Here, however, one can only hypothesize about the devastation unleashed by any potential collapse of such a monetary and political union. And it is hard to say to what extent formal monetary sovereignty could help Bulgaria to mitigate the effects on its economy which is in any case heavily tied to that of the rest of the EU, by untying the lev or tying it to something else. And, of course, this imaginary euro-apocalypse may never arise, and in the meantime benefits measured in higher credit ratings, the opportunity to improve institutions and to finance business and government more cheaply will be missed.
To catch up as part of the pack or as a sidekick
Less trenchant opponents of the euro say that Bulgaria is not ready to join in terms of income levels, prices and productivity. The BNB's analysis broadly supports this thesis, believing that monetary policy is mostly inappropriate for the Bulgarian economy and therefore poses risks, notably incurring bubbles and higher inflation in the growth phase. In general, this argument can be reduced to "first catch up with the Europeans and then think about the euro".
This logic rather prevails in central European countries with floating exchange rates such as the Czech Republic, Hungary and Poland, which use their monetary policy to stimulate growth. However, in the case of Bulgaria's fixed exchange rate, this argument carries much less weight. The ECB's monetary policy is already being imported quite directly, so joining the eurozone will not bring much change. BNB itself also states that membership of the monetary union is not determinant for the speed and level of real convergence.

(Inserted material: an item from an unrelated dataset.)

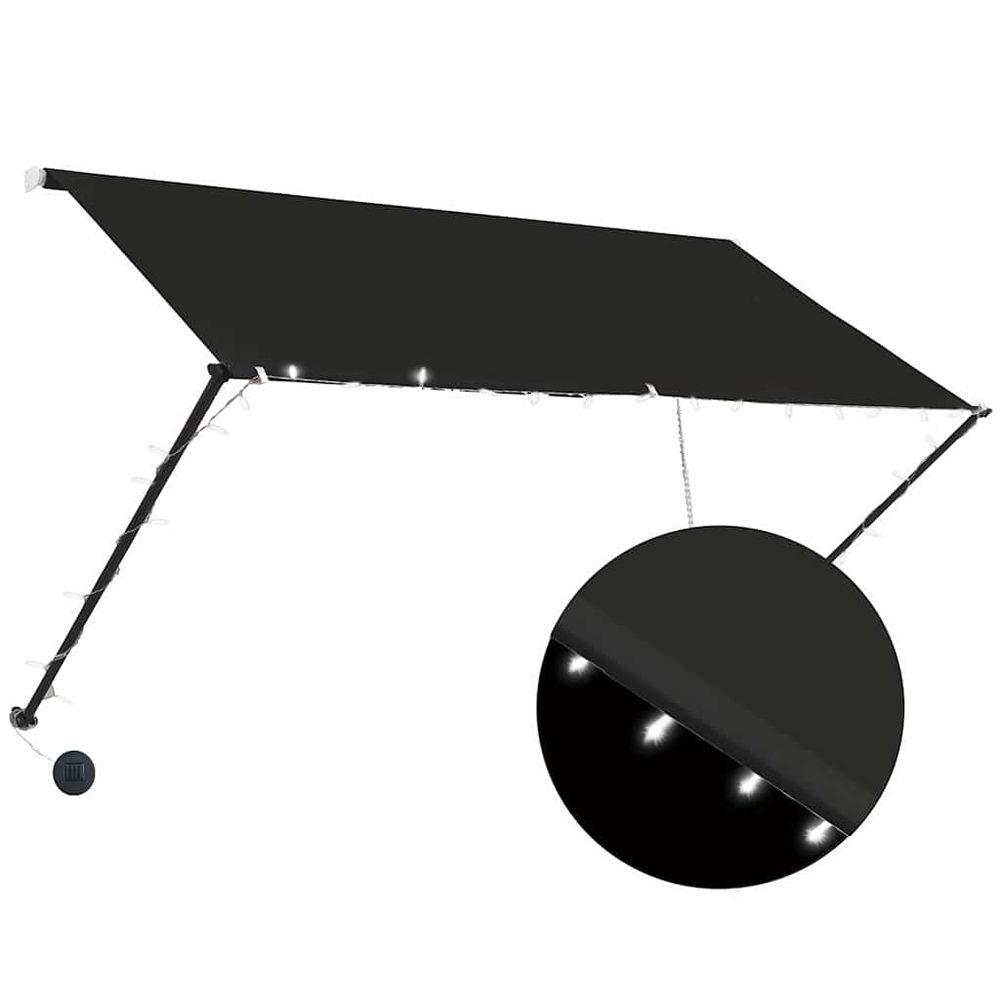 Auvent rétractable avec led 250x150 cm anthracite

Joining is no shoo-in even if we want to
Finally, the question of Bulgaria's accession to the euro area is, of course, not up to Sofia alone. The country has to ask for a convergence report from the EC and the ECB to establish that the country meets the requirements, and then get the political blessing of all members. Currently, Bulgaria does not meet the inflation criterion, or the long-term convergence interest rate (which is far below the benchmark), and it is debatable to what extent Bulgaria has met its reform commitments from when it entered ERM II in 2020 Add to that the lack of a regular government with a clear mandate to give any commitments plus the political instability and frequent periods without a functioning parliament, and simply moving the necessary legislative changes forward can be a problem.
Irrespective of the final outcome, it should now be painfully clear that neither the board nor the euro can be a panacea. Formal entry into monetary union is a kind of stamp of quality that brings positives for attracting investor confidence. Closer integration with Brussels and Frankfurt provides an opportunity for qualitative improvement of institutions and regulators. Ultimately, however, building them up, ensuring their independence and purging them of corruption is Bulgaria's responsibility alone. Similarly, ensuring rigorous fiscal discipline, improving the business environment, and safeguarding the efficiency of public institutions are incumbent on all Bulgarian politicians. They should not be carried out because of the threat of sanctions from the market or from Brussels but instead because they are, all too self-evidently, vital prerequisites for Bulgaria's sustainable future.